Problem description: Reproduce the data below in full and exclude every picture.

*** Begin section ***

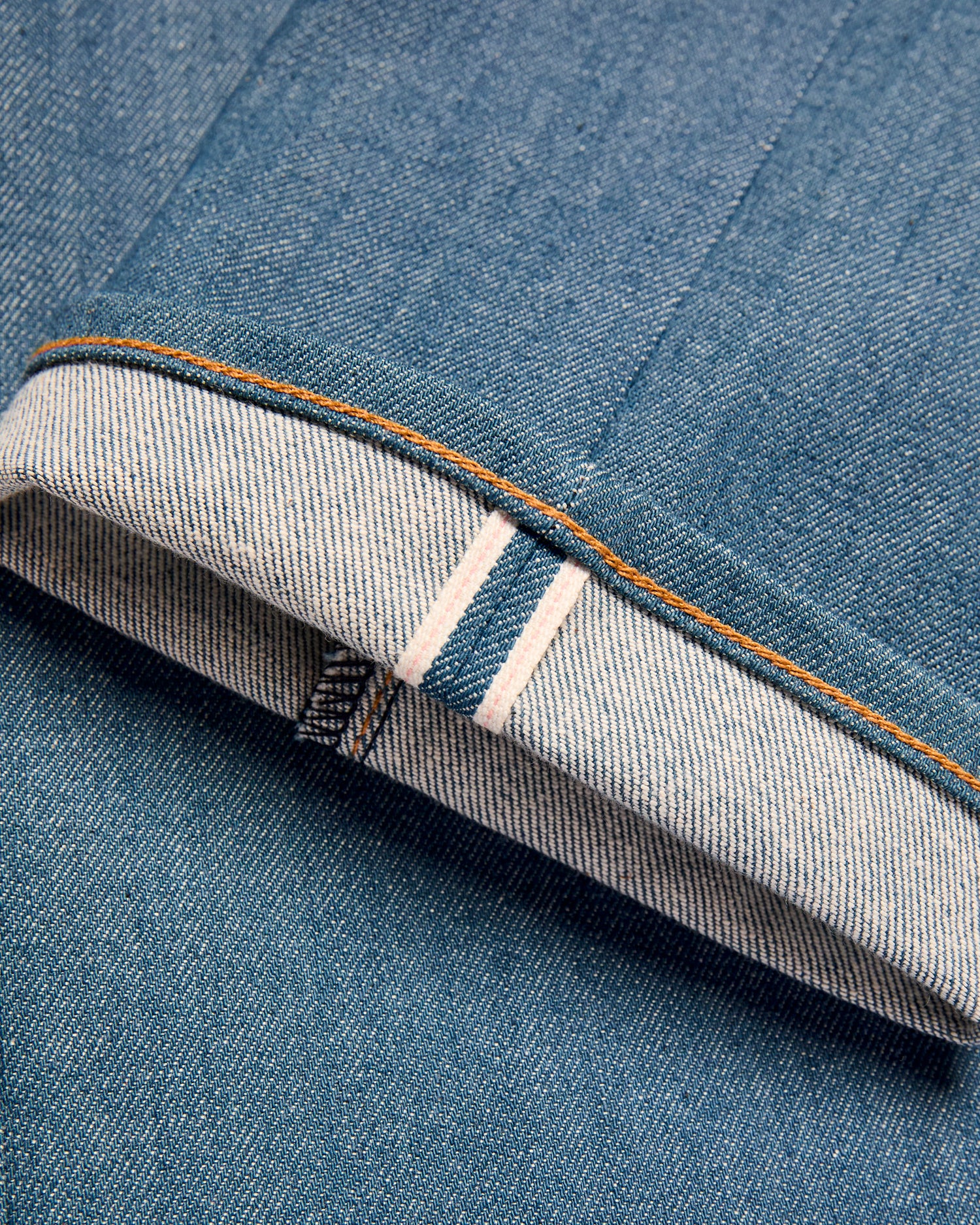 "Old Blue Raw" 10.5oz Indigo Stretch Selvedge Denim - Pen Slim - Image 11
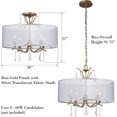 thumbnail image 4 of Minka Lavery Laurel Estate 4-Light Semi-Flush Mount Light in Brio Gold, 4 of 9
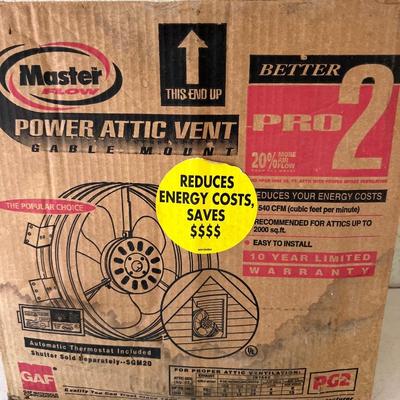 Master Flow Attic Fan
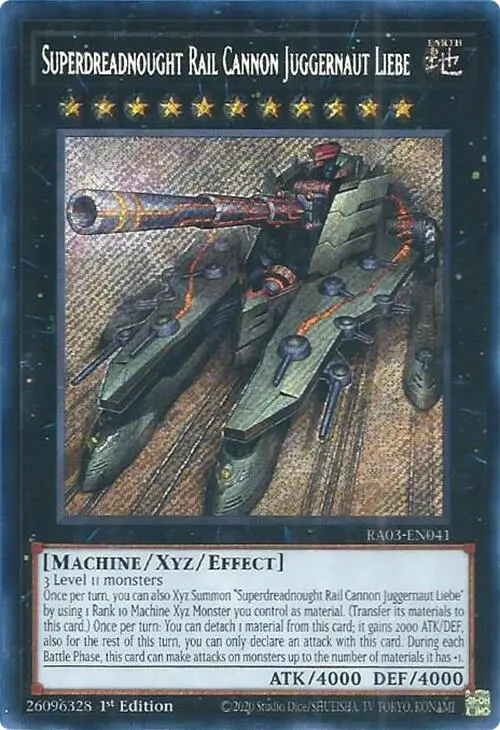 Superdreadnought Rail Cannon Juggernaut Liebe (Secret Rare) [Ra03-En041] Secret Rare 1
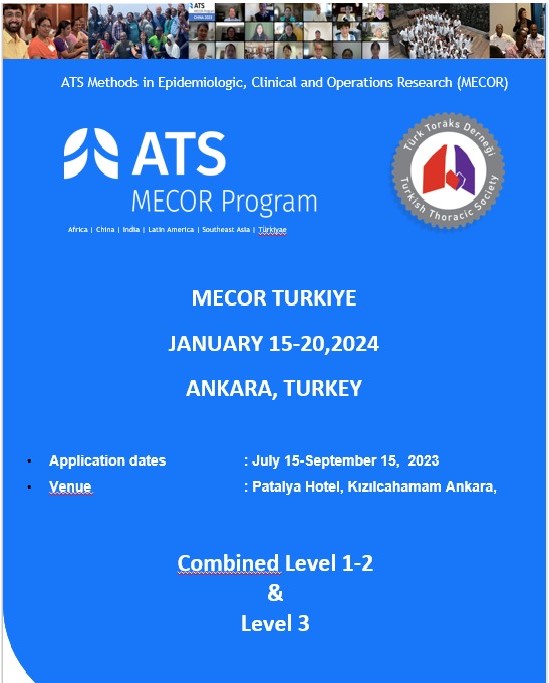 MECOR (Methods In Epidemiologic, Clinical And Operations Research) 2024 Başvuru Listesi Açıklandı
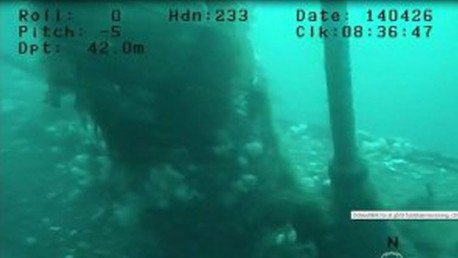 Buzos hallan un submarino portaminas alemán en el mar del Norte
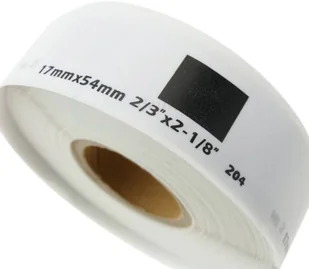 Brother strefadrukarek.pl Zestaw etykiet DK-11204 10 sztuk + uchwyt 17mm x 54mm - zamiennik | OSZCZĘDZAJ DO 80% - ZADZWOŃ! 730811399 PROMOCJA! SET-10-BU-DK-11204 - Etykiety do drukarek - miniaturka - grafika 4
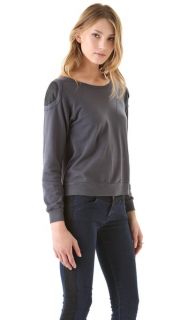 So Low Long Sleeve Pullover with Shoulder Patches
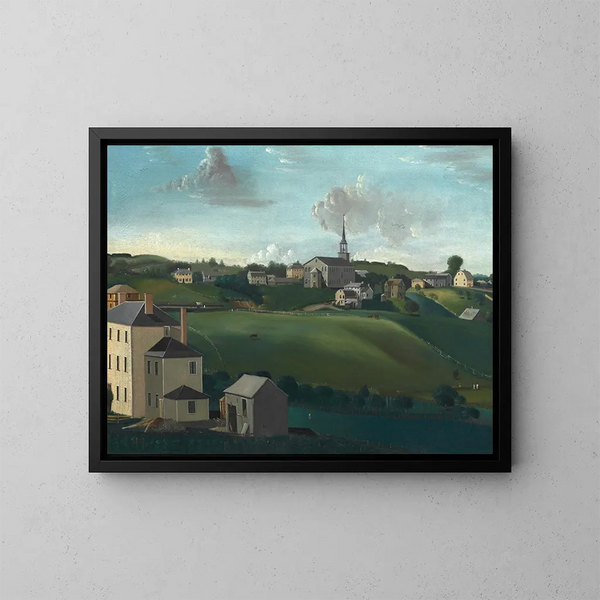 Colline de la salle de réunion, Roxbury, Massachusetts - John Ritto Penniman — indrammet kunstværk på væggen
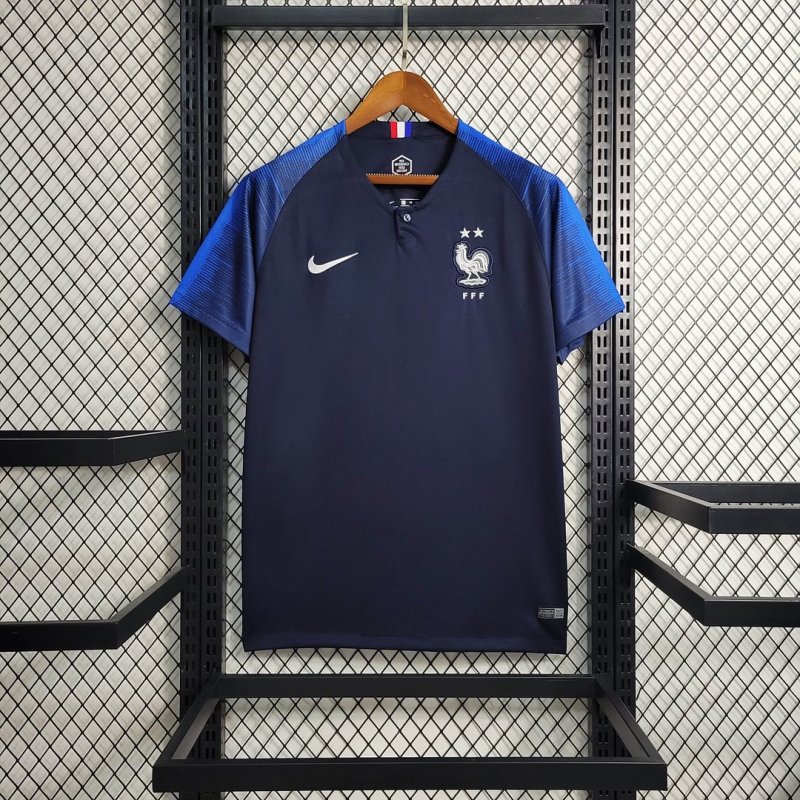 2018 Retro France Home Football Shirt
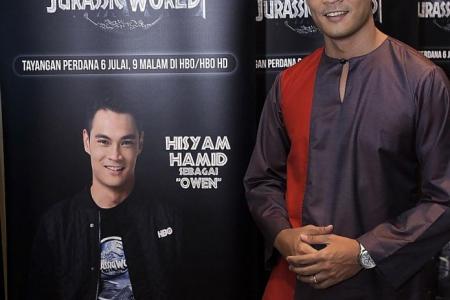 Hari Raya gets Jurassic twist for Singapore actor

*** End section ***

Response box:
 "Old Blue Raw" 10.5oz Indigo Stretch Selvedge Denim - Pen Slim - Image 11
 thumbnail image 4 of Minka Lavery Laurel Estate 4-Light Semi-Flush Mount Light in Brio Gold, 4 of 9
 Master Flow Attic Fan
 Superdreadnought Rail Cannon Juggernaut Liebe (Secret Rare) [Ra03-En041] Secret Rare 1
 MECOR (Methods In Epidemiologic, Clinical And Operations Research) 2024 Başvuru Listesi Açıklandı
 Buzos hallan un submarino portaminas alemán en el mar del Norte
 Brother strefadrukarek.pl Zestaw etykiet DK-11204 10 sztuk + uchwyt 17mm x 54mm - zamiennik | OSZCZĘDZAJ DO 80% - ZADZWOŃ! 730811399 PROMOCJA! SET-10-BU-DK-11204 - Etykiety do drukarek - miniaturka - grafika 4
 So Low Long Sleeve Pullover with Shoulder Patches
 Colline de la salle de réunion, Roxbury, Massachusetts - John Ritto Penniman — indrammet kunstværk på væggen
 2018 Retro France Home Football Shirt
 Hari Raya gets Jurassic twist for Singapore actor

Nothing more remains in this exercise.